Anyway, important points from fork theory:

(Let's stick with the "three in / five out" example.)

First off, that requires you to have three to put in.  If you've only got two then the thing that you know would make things better for you and allow you to do more stuff is outside of your ability to do and instead of being beneficial to you in that moment it's more being one of the tortures of Tantalus: exactly what you need, so close you can almost taste it, yet forever out of reach.

Second, it's not always a clear and deterministic as that.  Three in five out seems like and obvious deal to take (we'll get to why that's not true later) but when it is instead, "eh, maybe you'll get five back and end up with two more than you started, or maybe you'll get none and thus have three fewer than when you started," things get more complex.

Then there's the fact that even if the five out is definitely assured, you can't always see that or, if you can see it, you don't always believe it.

In discussions about depression one thing that's come from a lot of people is something that I've come to call the horizon effect (only the barest connection to the AI shortcoming of the same name.)  I don't think I made up the term, I think I adopted or adapted it from someone else.

Anyway, it comes from a visual metaphor.  There are some things you can see, and there are other things that are too far away and thus over the horizon.  A lot of people with depression, myself included, find some things that are close and present enough to influence the decision making of healthy people are hidden over the horizon and out of sight out of mind for us.

So you might see the cost of something (you have to give up three) while the benefit (you'll get five back) is over your personal horizon.  Or you might be well aware of the benefit intellectually, but unable to feel it emotionally.  So what you know "pay three, get five; net gain of two" is canceled out by what you feel "lose these precious three, then . . . all is sadness and loss forever."

And you end up acting on what you're feeling instead of what you know, and thus lose the opportunity to gain some forks.

I do believe we're at the fourth point now, so here goes:

People often prioritize what's important, what's urgent, or both.  Notice that no part of that includes "What will give them enough forks to make it through."

Say you've got four forks and you need to do urgent thing that takes three forks and important thing that takes two forks.
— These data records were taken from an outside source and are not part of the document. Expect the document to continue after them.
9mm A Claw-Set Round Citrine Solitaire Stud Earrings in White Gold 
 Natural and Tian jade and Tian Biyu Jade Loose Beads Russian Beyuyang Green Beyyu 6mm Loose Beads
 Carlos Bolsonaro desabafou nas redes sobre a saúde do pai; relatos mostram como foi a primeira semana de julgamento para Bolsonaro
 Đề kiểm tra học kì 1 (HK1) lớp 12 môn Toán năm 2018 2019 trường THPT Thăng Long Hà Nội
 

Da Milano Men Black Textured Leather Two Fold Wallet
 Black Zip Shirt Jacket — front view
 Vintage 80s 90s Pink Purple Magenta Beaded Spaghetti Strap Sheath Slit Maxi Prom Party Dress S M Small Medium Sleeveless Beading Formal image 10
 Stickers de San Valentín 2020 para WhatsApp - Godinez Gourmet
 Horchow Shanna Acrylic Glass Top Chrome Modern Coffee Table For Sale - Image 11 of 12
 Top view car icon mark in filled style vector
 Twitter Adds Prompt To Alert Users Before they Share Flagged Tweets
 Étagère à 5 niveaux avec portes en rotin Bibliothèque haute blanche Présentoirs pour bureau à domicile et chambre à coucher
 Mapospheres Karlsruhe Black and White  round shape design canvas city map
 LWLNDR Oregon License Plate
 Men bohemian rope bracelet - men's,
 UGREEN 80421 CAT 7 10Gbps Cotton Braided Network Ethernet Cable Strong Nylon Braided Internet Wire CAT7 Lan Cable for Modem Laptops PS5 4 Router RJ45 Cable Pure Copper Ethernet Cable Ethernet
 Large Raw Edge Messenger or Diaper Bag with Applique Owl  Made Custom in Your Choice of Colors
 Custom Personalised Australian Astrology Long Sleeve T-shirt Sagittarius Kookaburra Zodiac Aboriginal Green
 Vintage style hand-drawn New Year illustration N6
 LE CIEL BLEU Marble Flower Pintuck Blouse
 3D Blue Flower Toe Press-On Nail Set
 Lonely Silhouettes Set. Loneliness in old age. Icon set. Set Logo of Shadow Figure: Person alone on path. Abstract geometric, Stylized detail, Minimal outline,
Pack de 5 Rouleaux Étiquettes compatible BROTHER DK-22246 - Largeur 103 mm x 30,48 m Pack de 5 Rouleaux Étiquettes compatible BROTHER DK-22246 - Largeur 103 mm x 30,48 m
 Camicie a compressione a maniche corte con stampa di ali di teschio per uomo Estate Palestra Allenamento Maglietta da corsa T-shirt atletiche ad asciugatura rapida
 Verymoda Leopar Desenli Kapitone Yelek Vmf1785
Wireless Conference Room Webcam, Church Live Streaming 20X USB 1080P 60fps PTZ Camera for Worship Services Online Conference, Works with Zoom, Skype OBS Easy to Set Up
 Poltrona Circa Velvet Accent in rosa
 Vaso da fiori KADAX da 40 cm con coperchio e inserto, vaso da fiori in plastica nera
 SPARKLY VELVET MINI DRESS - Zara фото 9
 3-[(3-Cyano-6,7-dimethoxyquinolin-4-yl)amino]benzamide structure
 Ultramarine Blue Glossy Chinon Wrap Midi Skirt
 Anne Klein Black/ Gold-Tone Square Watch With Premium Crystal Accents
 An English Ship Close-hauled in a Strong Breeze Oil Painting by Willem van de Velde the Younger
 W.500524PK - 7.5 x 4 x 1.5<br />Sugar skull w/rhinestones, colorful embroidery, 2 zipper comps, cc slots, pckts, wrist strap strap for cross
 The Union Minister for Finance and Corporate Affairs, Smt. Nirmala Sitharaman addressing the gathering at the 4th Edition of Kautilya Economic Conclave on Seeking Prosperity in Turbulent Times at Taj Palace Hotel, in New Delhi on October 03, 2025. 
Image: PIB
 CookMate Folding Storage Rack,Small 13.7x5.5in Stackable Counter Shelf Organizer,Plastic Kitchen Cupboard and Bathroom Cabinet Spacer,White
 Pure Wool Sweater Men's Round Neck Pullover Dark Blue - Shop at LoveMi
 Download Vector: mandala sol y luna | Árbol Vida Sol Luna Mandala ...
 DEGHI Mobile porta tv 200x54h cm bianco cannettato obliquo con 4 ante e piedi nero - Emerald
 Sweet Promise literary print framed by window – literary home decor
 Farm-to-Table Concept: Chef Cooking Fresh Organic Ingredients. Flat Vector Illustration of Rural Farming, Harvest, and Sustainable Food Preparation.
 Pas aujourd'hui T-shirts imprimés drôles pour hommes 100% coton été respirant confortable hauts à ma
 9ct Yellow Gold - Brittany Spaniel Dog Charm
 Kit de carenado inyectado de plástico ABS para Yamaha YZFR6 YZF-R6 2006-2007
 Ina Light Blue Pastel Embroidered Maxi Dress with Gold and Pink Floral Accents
You start with urgent because, you know, it's urgent.  That takes three of your four forks.  You try to do important thing but since you only have one fork left and it needs two, you're screwed.

On the other hand, if you're paying attention to your forks you can do our three in \ five out thing.  You spend three of your four and then get five, making six. (4 – 3 + 5 = 6)  Do urgent thing and you've got three forks left.  (6 – 3 = 3)  Do important thing and you've finished your the stuff that needed to be done and have one fork left over.  (3 – 2 = 1)  Woo!, you win all the things.

Which is to say, the fork model encourages you to prioritize self care.

Finally, thing five: the fork model can be used to describe things that never fill up on their own and thus always require work to get a useful number of.


Really quick oversimplified recap of all that:

Spoons and forks both represent the ability to do things.  Depending on the situation this can be energy or willpower or motivation or . . . anything really.  In order to do things you need to spend spoons or forks.

When you run out, you've lost the ability to do shit.

You start with a given certain amount of spoons and that's all the spoons you'll have to work with until the replenish on their own (which then becomes your new start.)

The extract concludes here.